Almanya, İran’ın kaçırarak yıllardır alıkoyduğu Alman vatandaşı Cemşid Şarmehd’in idamına büyük tepki gösterdi. Şarmehd’in kızı ise ailesinin Almanya ve ABD tarafından kaderine terk edildiğini öne sürdü.
İran-Almanya çifte vatandaşı olan Cemşid Şarmehd’in terör eylemlerinde rol aldığı gerekçesiyle İran’da idam edilmesine Almanya büyük tepki gösterdi.
Şarmehd, 2008’de Şiraz kentinde gerçekleşen ve 14 kişinin ölümüyle sonuçlanan bombalı saldırıya karışmaktan geçen yılın Şubat ayında suçlu bulunarak idama mahkûm edilmişti. İran, ABD’de ikamet eden Şarmehd’i FBI ve CIA yetkilileriyle ile temas kurmakla, İsrail’in istihbarat örgütü Mossad’la ise temas kurma girişiminde bulunmakla suçlamıştı.
İranlı yetkililer, Ağustos 2020’de Şarmehd’i “karmaşık” olarak tanımladıkları bir operasyon sonucunda yakaladıklarını duyurmuş, ancak tutuklamaya ilişkin ayrıntılı bilgi vermemişti. Ailesi, Şarmehd’in Dubai’de transit geçiş yaparken İran güvenlik güçleri tarafından kaçırıldığını ve daha sonra İran’a getirildiğini belirtiyor.

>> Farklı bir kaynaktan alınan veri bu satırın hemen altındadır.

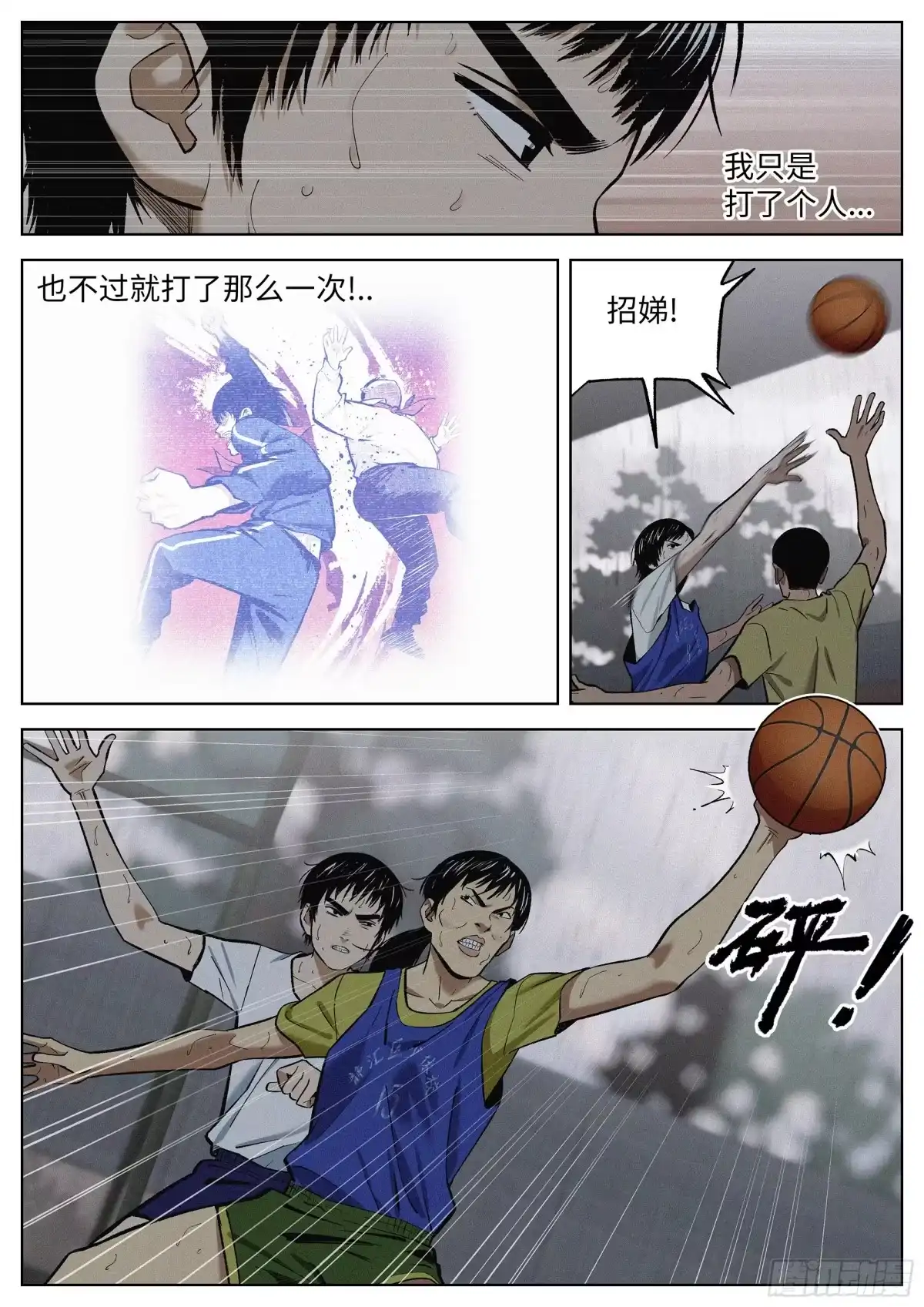《追风》09 烦死了！ 第19页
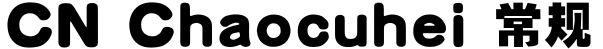 CN Chaocuhei 常规字体预览图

İran’da altısı Fransa’dan olmak üzere Batı ülkelerinden en az 16 çifte vatandaş, çeşitli suçlamalarla tutuklu bulunuyor.
Deutsche Welle Türkçe’nin haberine göre 69 yaşındaki Şarmehd’in yıllarca tutuklu kaldıktan sonra hakkında verilen idam cezasının infazını “skandal” olarak nitelendiren Almanya Başbakanı Olaf Scholz, “Cemşid Şarmehd’e mahkemede yöneltilen suçlamalara karşı kendini savunma imkânı bile verilmedi” diye konuştu.
Almanya Dışişleri Bakanı Annalena Baerbock da idamın, Tahran rejiminin ne denli insanlık dışı olduğunu bir kez daha ortaya koyduğunu savundu. Baerbock, Tahran’ı “Kendi gençlerine, kendi nüfusuna ve yabancı vatandaşlara karşı ölümü kullanan bir rejim” olarak nitelendirdi. Berlin’in bir Alman vatandaşının idamının ciddi sonuçları olacağını defalarca açıkça belirttiğini ifade eden Baerbock, Tahran’daki Alman Büyükelçiliğinin de Şarmehd için yılmadan çalıştığını söyledi.
Baerbock, Temmuz ayında göreve gelen reform yanlısı Cumhurbaşkanı Mesud Pezeşkiyan’a atıfla “Bu (idam) yeni hükümetin iktidarında da kimsenin güvende olmadığı gerçeğinin altını çiziyor” diye konuştu.
Şarmehd’le her zaman yakın temas içinde olduklarını öne süren Baerbock, aileye başsağlığı dileklerini iletti.
Şarmehd’in kızı Gazelle Şarmehd ise hem Alman hem de Amerikan hükümetlerinin babasını müzakerelerde yalnız bıraktığını ve aileyi kaderine terk ettiğini öne sürdü. Şarmehd, sosyal medya platformu X üzerinden yaptığı paylaşımda Amerikan ve Alman hükümetlerinden babasının öldürüldüğüne dair somut kanıt beklediklerini, infazın gerçeklemiş olması hâlinde ise naaşının derhal eve getirilmesi ve İran hükümetinin ağır biçimde cezalandırılması gerektiğini yazdı.
İnfaza insan hakları savunucularından da tepki geldi. İran’daki infazları yakından takip eden Norveç merkezli sivil toplum kuruluşu İran İnsan Hakları (IHR) direktörü Mahmud Amiry-Moghaddam, idamı “İslam Cumhuriyeti’nin son dönemdeki başarısızlarını örtbas etmek için bir rehineyi yargısız biçimde öldürme vakası” olarak nitelendirdi. Amiry-Moghaddam, “Cemşid Şarmehd, Birleşik Arap Emirlikleri’nde kaçırıldı, hukuka aykırı bir şekilde İran’a nakledildi ve burada adil bir yargılama olmaksızın ölüme mahkûm edildi” diye konuştu.
Avrupa Anayasa ve İnsan Hakları Merkezi tarafından yapılan açıklamada da “Şarmehd’in hukuksuz bir şekilde kaçırılması, sonrasında gözaltında işkence görmesi, adil olmayan göstermelik yargılama ve bugünkü infaz İran rejiminin işlediği sayısız suçun birer örneğidir” denildi.